Now the world has gone to bed
Darkness won't engulf my head
I can see by infra-red
How I hate the night

Now I lay me down to sleep
Try to count electric sheep
Sweet dream wishes you can keep
How I hate the night

The line "try to count electric sheep" is a reference to Philip K. Dick's novel Do Androids Dream of Electric Sheep?, which inspired the movie Blade Runner. According to Don't Panic, Douglas Adams wrote a guitar tune for the lullaby, and thought it should have been released. In the radio series, Stephen Moore sings the words to a tune resembling "Abendsegen" from Humperdinck's opera Hansel and Gretel.
The song was performed at the very end of the 2012 live radio show.

===Outside the Hitchhiker's universe===
In the episode "Sibling Tsunami" of the animated series My Life as a Teenage Robot, when asked what's wrong, XJ-7, a chronically depressed robot character, replied: "The usual, life, the universe, everything", a reference not only to Marvin, but the "Ultimate Question of Life, the Universe, and Everything", a central tenet of the series' storyline (as well as the title of the third book).

British alternative rock group Radiohead named "Paranoid Android", the lead single from their 1997 album OK Computer, after Marvin. "Paranoid Android" frequently appears on lists of greatest songs of all time and has been described as "possibly the most acclaimed song from the most acclaimed album of all time."
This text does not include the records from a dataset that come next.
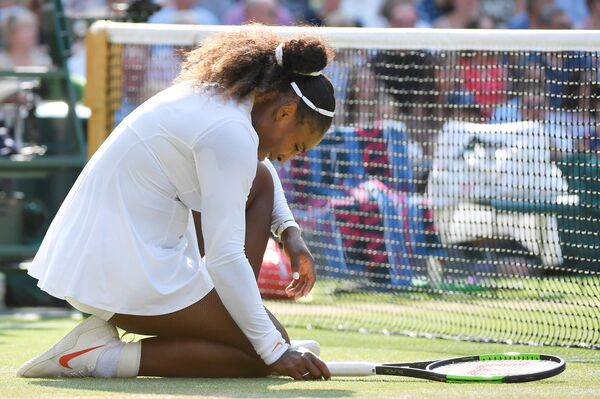 Tennis - Wimbledon - All England Lawn Tennis and Croquet Club, London, Britain - July 14, 2018. Serena Williams of the U.S. reacts during the women's singles final against Germany's Angelique Kerber Tennis - Wimbledon - All England Lawn Tennis and Croquet Club, London, Britain - July 14, 2018. Serena Williams of the U.S. reacts during the women's singles final against Germany's Angelique Kerber - Sputnik International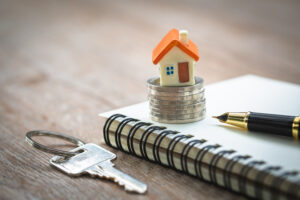 Picture of a key, a miniature house figurine, a stack of coins, a pen, and a notebook.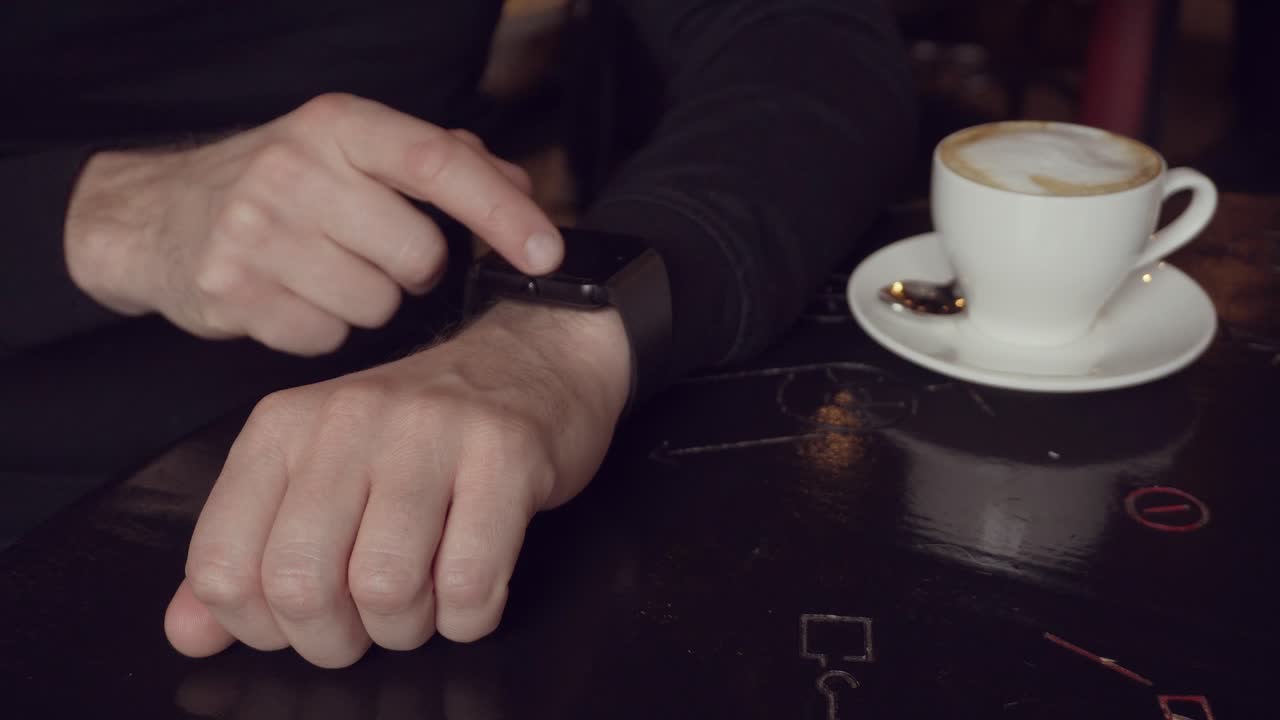 Man using smartwatch in a cafe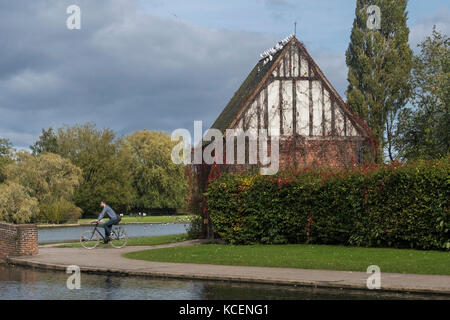 Sunny, autumnal view of a man on a bike cycling by the lake & lych-gate in beautiful, peaceful, municipal Rowntree Memorial Park, York, England, UK. Stock Photo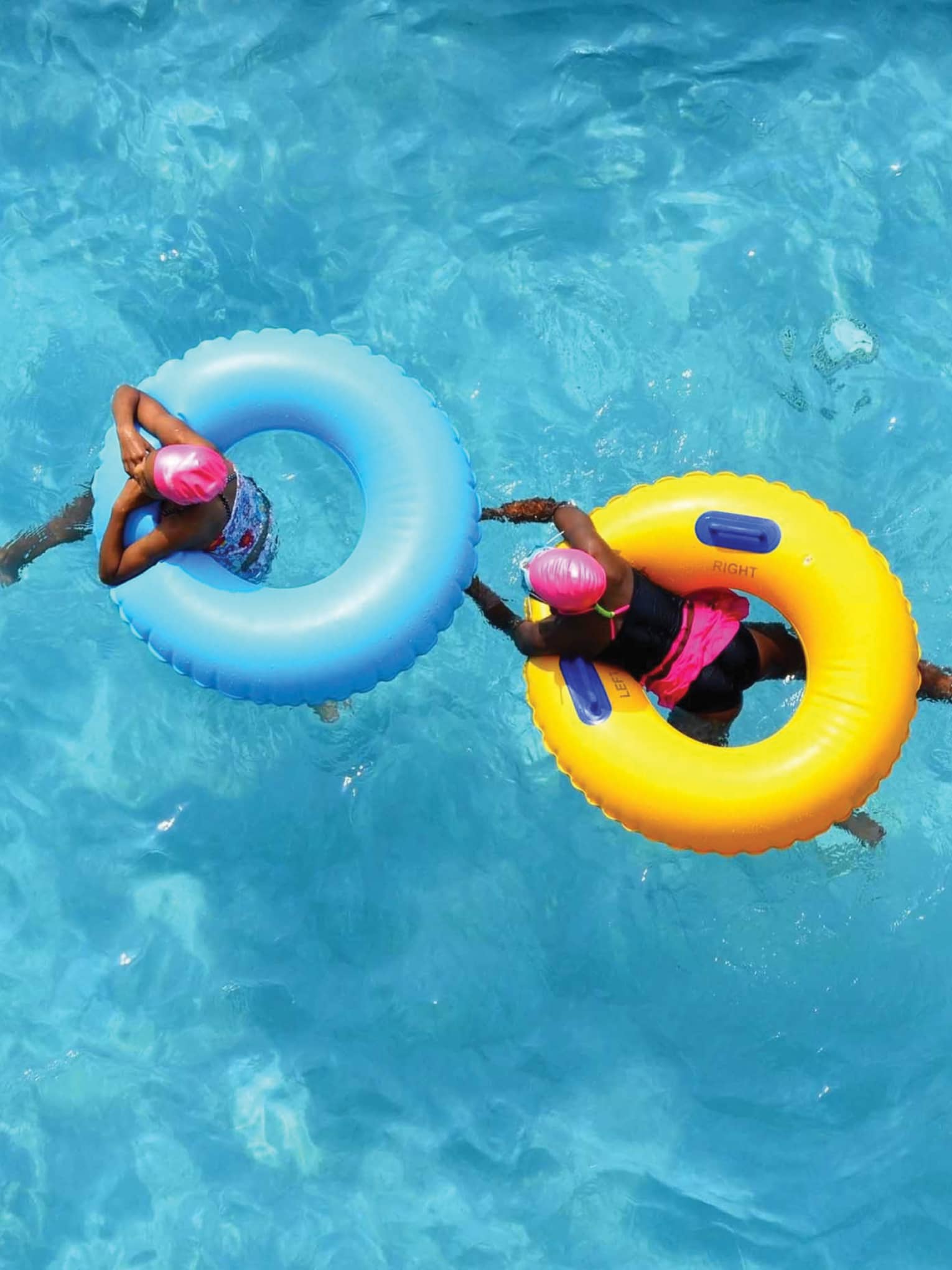 Aerial view of two swimmers in pink caps floating in blue and yellow inner tubes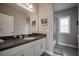 Bathroom featuring white vanity with granite countertops, and walk-in shower with glass doors at 7536 Green Mountain Way, Winter Garden, FL 34787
Marvin's origins (including those of the Sirius Cybernetics Corporation, and the HitchHikers handheld device) are referenced in the 2008 radio series The Long Dark Tea-Time of the Soul. In episode 4, Dirk Gently phones his friend Richard McDuff, who now works for a new startup, Sirius Cybernetics. Occasionally, background noises of electronic groans and air pistons can be heard. At the end of the phone call, the electronic voice of Stephen Moore says "Richard, I think we might have a problem with these diodes."

Marvin appeared and was declared the winner in the Q-series episode "Quests: Part II" of the panel game show QI.